Key takeaways
- Morgan Stanley confirms MSBT as its spot bitcoin ETF ticker for NYSE Arca with a $1 million seed investment
- Coinbase serves as bitcoin custodian and BNY Mellon handles administration for the Morgan Stanley Bitcoin Trust
- The bank plans integrated digital asset trading on E*Trade alongside custody, lending, and yield services
The Filing
Morgan Stanley filed a second amended S-1 registration with the U.S. Securities and Exchange Commission (SEC) for its planned spot bitcoin exchange-traded fund (ETF). The filing confirmed the fund will trade under the ticker MSBT on NYSE Arca.
The Morgan Stanley Bitcoin Trust is structured as a passive investment vehicle that tracks the spot price of bitcoin through direct holdings, not derivatives or leverage.
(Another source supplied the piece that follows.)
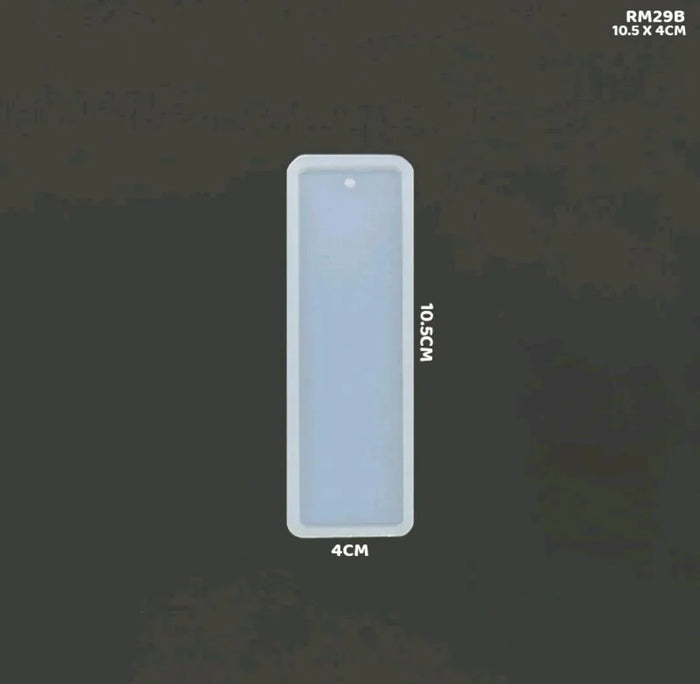 Long Rectangle Silicone Mold for Resin Art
The fund uses a 10,000-share creation unit, with a planned seed issuance of 50,000 shares expected to raise approximately $1 million. The bank purchased two shares earlier this month for audit purposes.
If approved, Morgan Stanley would become the first major U.S. bank to directly sponsor and issue its own spot bitcoin ETF, joining 11 other spot funds that have been active since January 2024. Those products have attracted over $56 billion in investor inflows to date.
The Custody Structure
Coinbase Custody Trust Company will serve as primary bitcoin custodian, safeguarding digital assets and facilitating transfers tied to share creation and redemption. Most bitcoin will be held in cold storage, with private keys kept offline.
BNY Mellon takes on multiple roles as administrator, transfer agent, and cash custodian, handling accounting, shareholder records, and cash management. A portion of holdings may move into trading wallets during creation or redemption periods when authorized participants exchange cash for bitcoin.
The filing notes that custody insurance is in place but shared across multiple clients and may not cover all losses, a standard disclosure across the spot ETF market. Key details including the management fee and expense ratio remain undisclosed.
A Deeper Push Into Digital Assets
The ETF is one piece of a broader strategy. Morgan Stanley has signaled plans to integrate digital asset trading into its E*Trade platform, according to Bitcoin Magazine. The firm has also explored custody, lending, and yield-related services.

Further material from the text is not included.